Insurance/Reinsurance Bulletin - August, 2009

WHEN "BACK TO BACK" POLICIES DIVERGE

Article by Edward Rushton

Lexington Insurance Company v AGF Insurance Limited

And Wasa International Insurance Company Limited

[2009] UKHL 40 (On Appeal From [2008] EWCA Civ

150)

On 30 July 2009 the House of Lords unanimously allowed

the appeals of Wasa and AGF in the above matter, overturning the

decision of the Court of Appeal.

This result has important practical implications for reinsurers

and reassureds with interests in policies that are intended to be

"back to back", but which are subject to the laws of

differing jurisdictions. The decision also goes to fundamental

questions regarding the nature of a contract of reinsurance

– it affirms the view that the subject of a proportional

reinsurance policy is equivalent to insured interest covered by the

underlying policy. This may be contrasted with Sedley LJ's

indication in the Court of Appeal that (proportional) reinsurance

contracts insure the reassured's liability pursuant to the

underlying policy.

The Background

The claim at the heart of the matter was in respect of

environmental damage caused at 58 sites, during the 44-year period

1942-1986, by waste products generated and disposed of by Aluminum

Company of America Limited (Alcoa), and its subsidiary Northwest

Alloys, Inc. (NWA).

Alcoa and NWA were insured by Lexington under an American

"all risks difference in conditions" property damage

policy.
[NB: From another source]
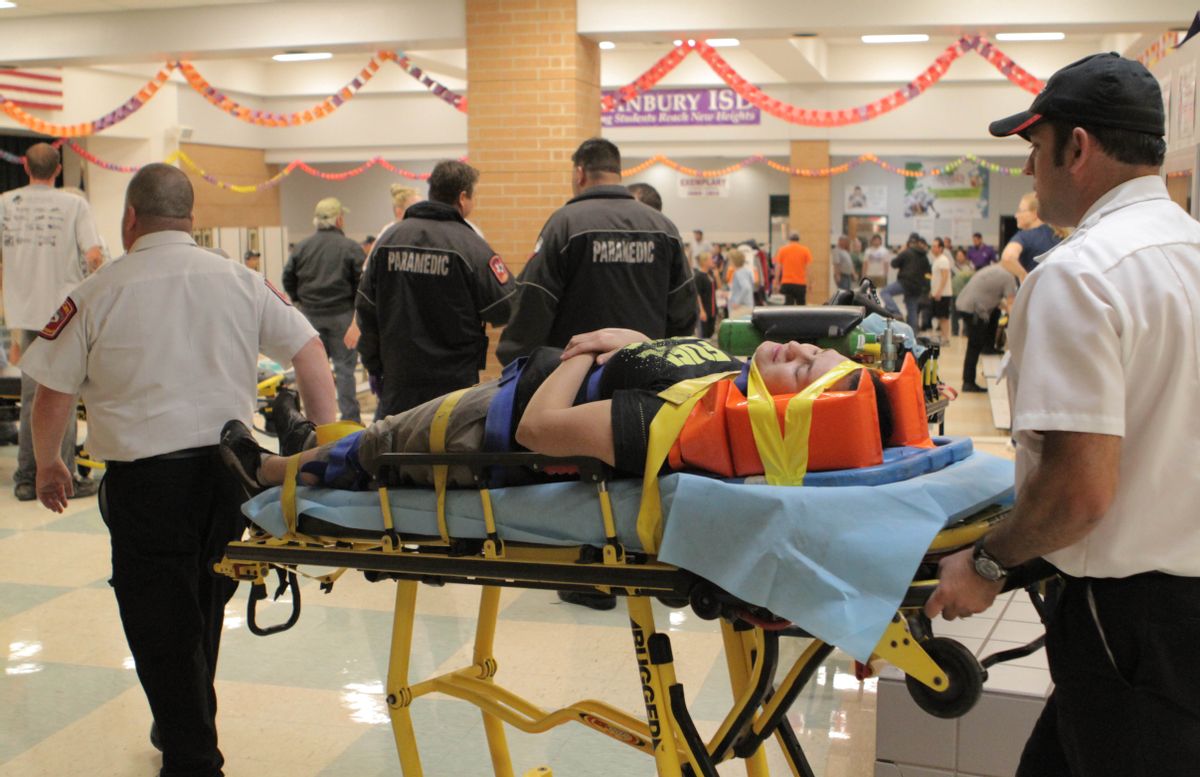 An unidentified injured person is carried to an ambulance in Granbury, Texas, on Wednesday May 15, 2013.      (AP/Mike Fuentes)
The policy period was from 1 July 1977 to 1 July 1980. The

policy contained a US Service of Suit clause which provided that,

at the request of the assured, Lexington would submit to the

jurisdiction of any Court of Competent Jurisdiction within the

United States. Wasa and AGF reinsured Lexington, on substantially

the same terms as the original (including the policy period), save

that the reinsurance was governed by English law.
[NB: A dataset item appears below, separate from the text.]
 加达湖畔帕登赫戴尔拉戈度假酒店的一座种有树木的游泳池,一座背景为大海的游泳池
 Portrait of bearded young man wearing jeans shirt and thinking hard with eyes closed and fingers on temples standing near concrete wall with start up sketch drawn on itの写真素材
Pursuant to a decision of the Supreme Court of Washington

(applying Pennsylvanian law), Lexington faced liability for

pollution occurring at particular sites, irrespective of when the

damage began, provided that part of the contamination occured

during the insurance period. Lexington settled its liability to

Alcoa and NWA for the sum of US$103 million. Lexington sought an

indemnity from its reinsurers who denied liability on the basis

that the damage did not occur within the policy period of the

reinsurance.

The English court at first instance found in favour of

reinsurers. However, its decision was reversed by the Court of

Appeal. Its reasoning emphasised the presumption that when a

proportional reinsurance policy is placed specifically to cover a

particular direct policy, and has been expressed in substantially

identical terms, English law should treat the policies as being

"back to back" and their language as having the same

meaning, notwithstanding differences of governing law (see

Vesta v Butcher and Groupama v Catatumbo). An

important part of the rationale behind this presumption is that the

contracting parties were in a position to ascertain the legal

effect of the policy language at the time when the contract was

entered into. Longmore LJ in the Court of Appeal considered that

this requirement was met in the present case.

The Essential Issue

The essential issue before the House of Lords was whether the

loss arising from Lexington's settlement with Alcoa fell within

the terms of the indemnity provided by the reinsurance slip. As

Lord Mance stated in his judgment, "the issue is one of

construction of the particular reinsurance contract against its

relevant background and surrounding circumstances".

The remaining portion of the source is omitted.